XML and XSLT¶

About¶

This style guide covers the use of both XML and XSLT.

XML¶

XML is the primary serialization format we use in DLTN for metadata exchange. This is driven by the fact that our workflows are primarily based around OAI-PMH.

XSLT¶

XSLT (Extensible Stylesheet Language Transformations) is the primary language we use for transforming XML documents to DLTN MODS. This is mainly driven by the fact that we use Repox as our aggregation platform.

Note: Repox’s XSL processor is built on Saxon 8.7. Therefore, all XSLT needs to be tested versus 8.7 rather than the current version.

For help getting started see:

Reading and Writing DLTN XSL Transforms

MODS XML Order of Elements¶

Rule¶

When serializing a new MODS record, elements should follow the order defined below.

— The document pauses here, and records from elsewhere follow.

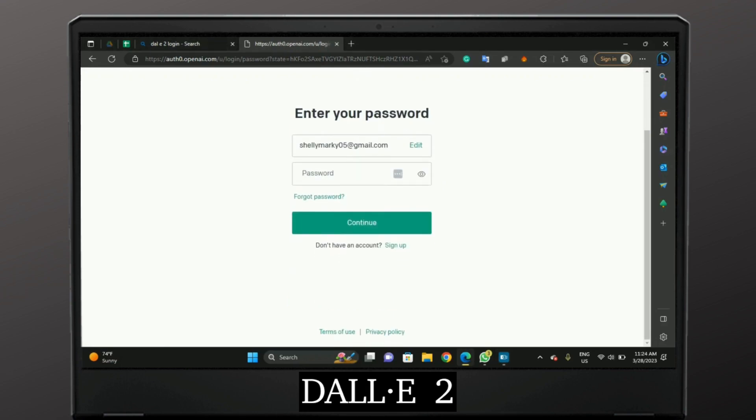And this is how you get access to your DALL-E account. So thank you for watching and subscribe our channel for more.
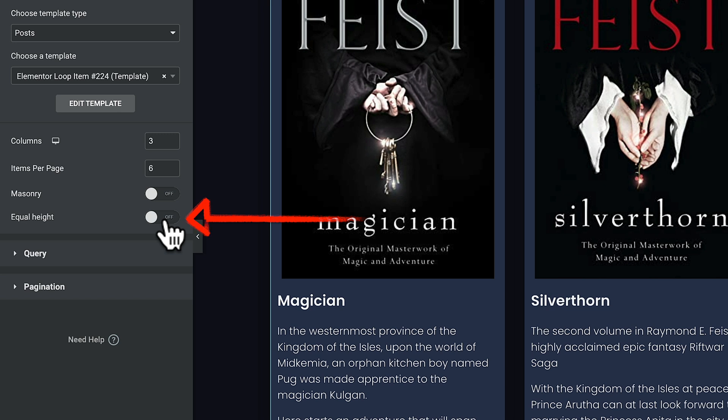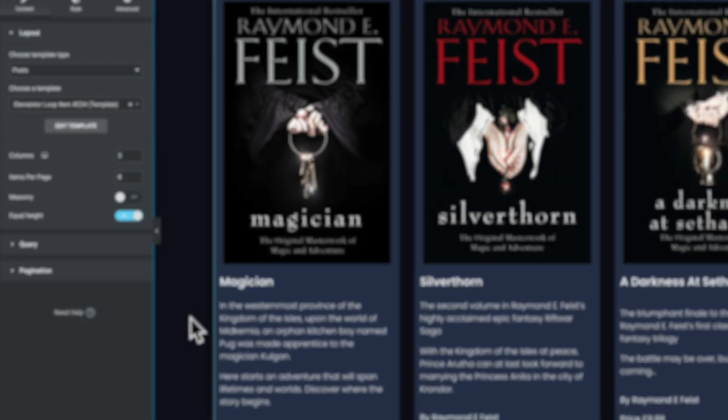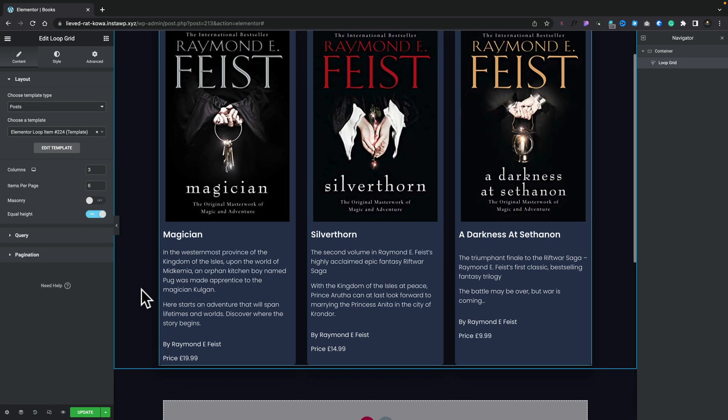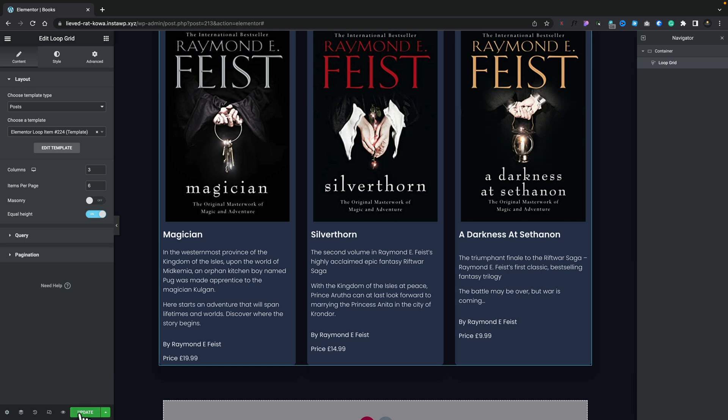All we need to do is select our loop, and you'll see over the left-hand side we now have an option called Equal Height. We choose that, and boom — there you go. All of our columns are now equal height. Simply hit Update. Job done. Couldn't get much easier.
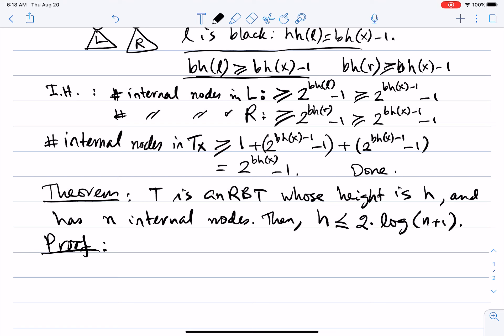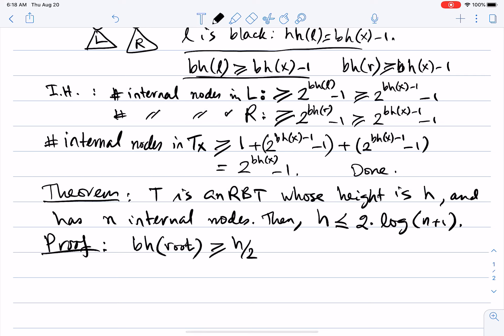Why is the black height of the root ≥ h/2? By contradiction: if it were false, more than half the nodes on some path from root to leaf would be red, which would force at least one red node to have a red child, violating property four of red-black trees. So draw a few trees and convince yourself that bh(root) ≥ h/2.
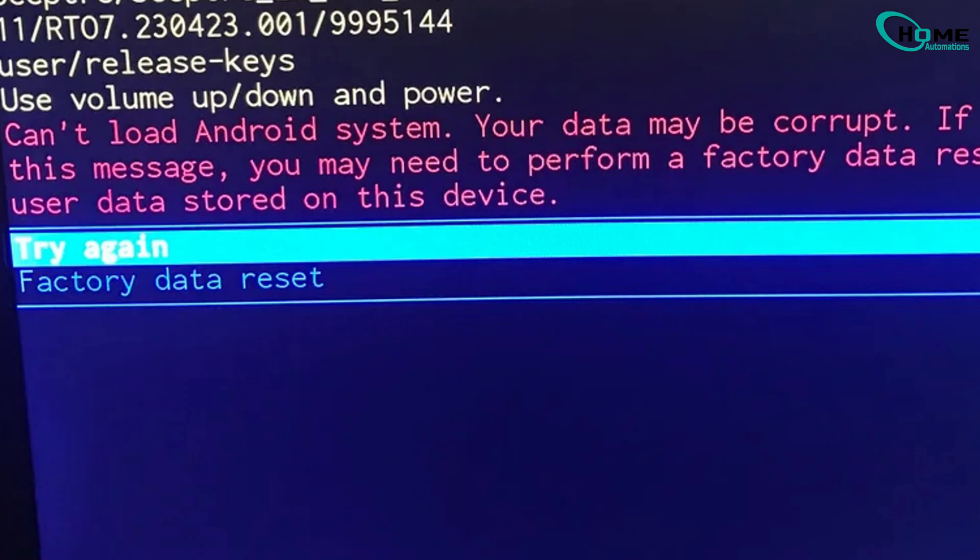You'll also see a try again option. This won't erase your settings, but factory reset will wipe everything.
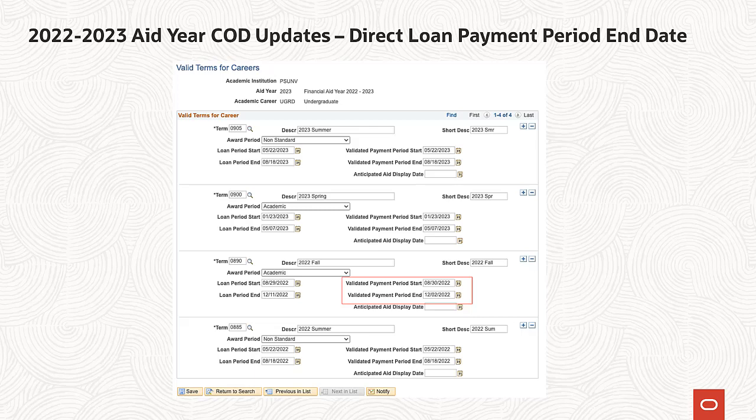Effective the 2022-2023 award year, the payment period end date is a required tag to be included in the disbursement block of the generated COD XML file. This tag is required to establish a new direct loan and is not required for maintenance records. As a reminder, the payment period start date was previously required for direct loans.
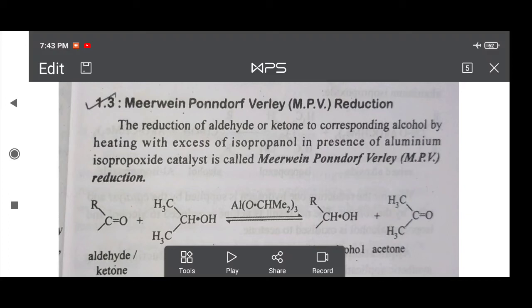Hello students, good morning all of you. Today I am starting the Meerwein-Ponndorf-Verley reduction — the short form of this reaction is the MPV reduction.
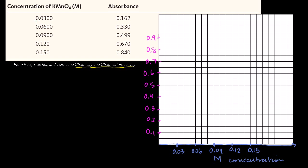Now let's plot the first point: at a concentration of 0.03 molar, the absorbance was 0.162 — so that goes right there. Then at 0.06 molar, the absorbance was 0.33 — plotted right about there. We already see an interesting linear relationship forming.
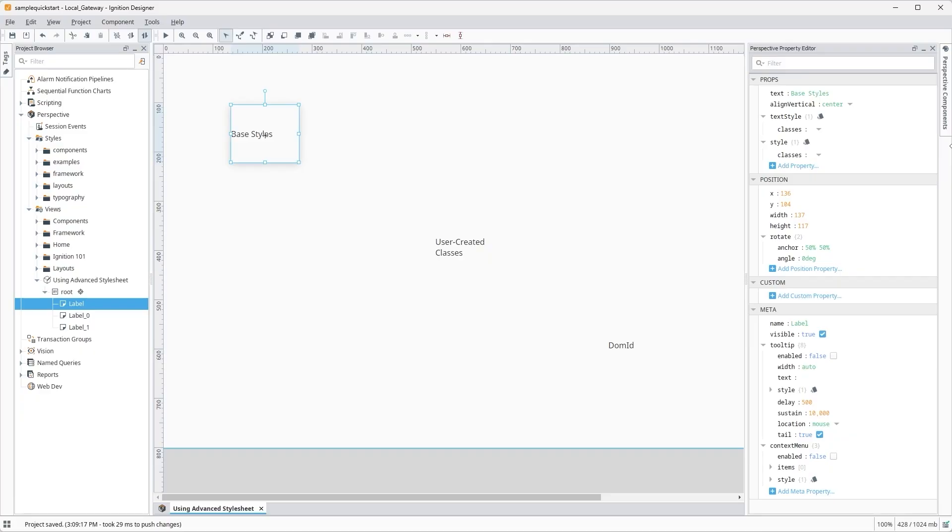As useful as themes are as a foundation for styling, they can't be exported with a project or gateway backup, and they may not allow you to fine-tune your components the way that more targeted CSS can.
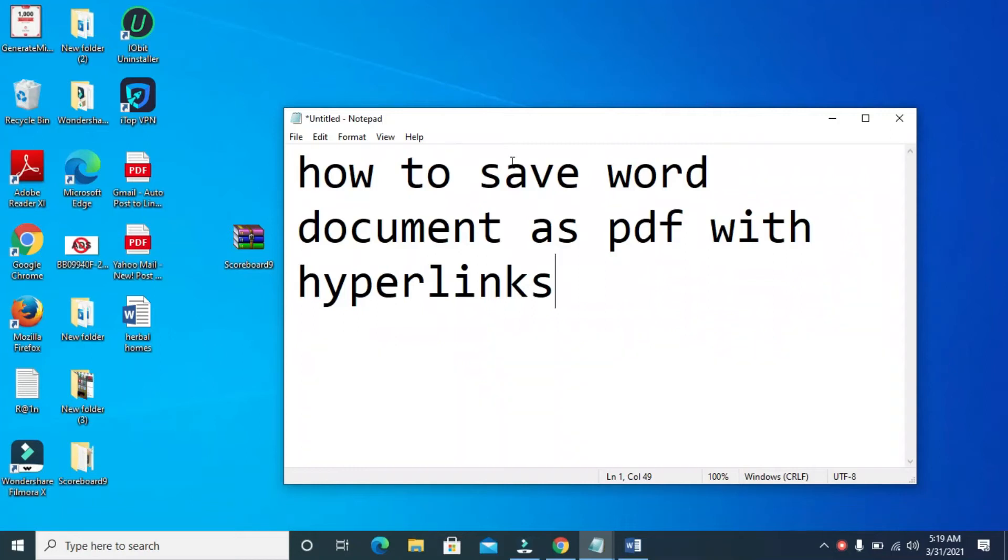In this video today, I will show you how to save Word documents as PDF with hyperlinks.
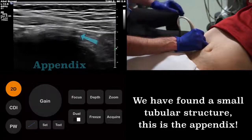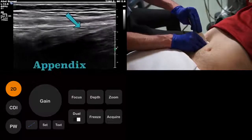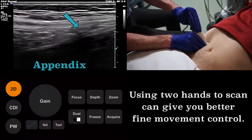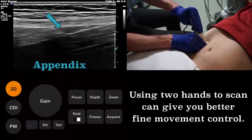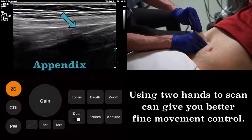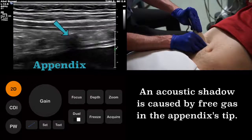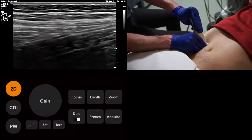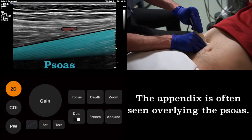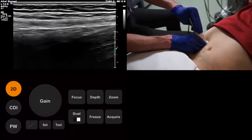Having found the appendix, we must now image it in its entirety. As the appendix is small, using two hands to fine movement control is a useful strategy. At the tip of this appendix, we can see acoustic shadowing, as there is some gas trapped within it. A useful anatomical landmark is the psoas muscle. The appendix will often be seen overlying this structure.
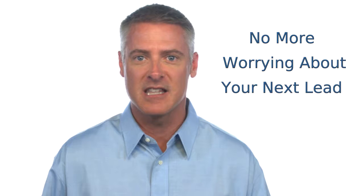Just for a moment, imagine what it would feel like to never have to worry about where your next lead will come from. What could that mean for your business?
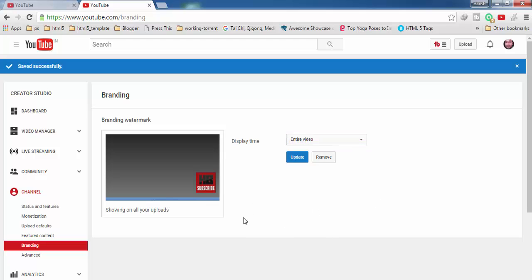The benefit of adding this watermark with this entire video option is that anybody can click on this anytime while watching your video and he or she can directly subscribe to your channel. So it is very helpful.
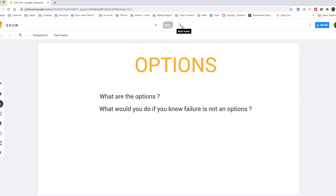You're going to lay down all those options and also ask this question: what would you do if you knew there was no option of failure? Obviously, there are certain things that a person can do. Your adrenaline will kick in if you are chased by a bull. Even if you never run, you will run.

This order is loosely based on how corresponding elements within MARC are positioned within a record, minus the emphasis on authorship (100 field).

identifier

[@type=”local”]
[@type=”issn/isbn”]
[@type=”extension”]
[@type=”filename”]
[@type=”pid”]

titleInfo

title
[@supplied=”yes”]:title
[@type=”alternative”]:title

abstract

tableOfContents

name

namePart
role:roleTerm

originInfo

dateCreated
dateCreated[@type=”edtf”]
dateIssued
dateIssued[@type=”edtf”]
dateOther
publisher
place:placeTerm

physicalDescription

form
extent
internetMediaType
digitalOrigin

note

subject

topic
name
geographic

genre

language:languageTerm

typeOfResource

classification

relatedItem[@displayLabel=”Project”][@type=”host”]:titleInfo:title

relatedItem[@displayLabel=”Collection”][type=”host”]:titleInfo:title

location:physicalLocation

recordInfo:recordContentSource

accessCondition

Implicit vs. Explicit Processing¶

Rule¶

For all new XSL transforms, we create XSL transforms that are implicit and based around an identity transform. A simple way to think about an identity transform is as a generic XSL transform that copies the input XML document to the output. Once we copy everything with our identity transform, we create any needed templates to create the final XML that we want.

Justification¶

When we first started our service hub, we wrote explicit transforms. They were long, difficult to read, and fragile. Whenever we needed to modify a template, refactoring was expensive.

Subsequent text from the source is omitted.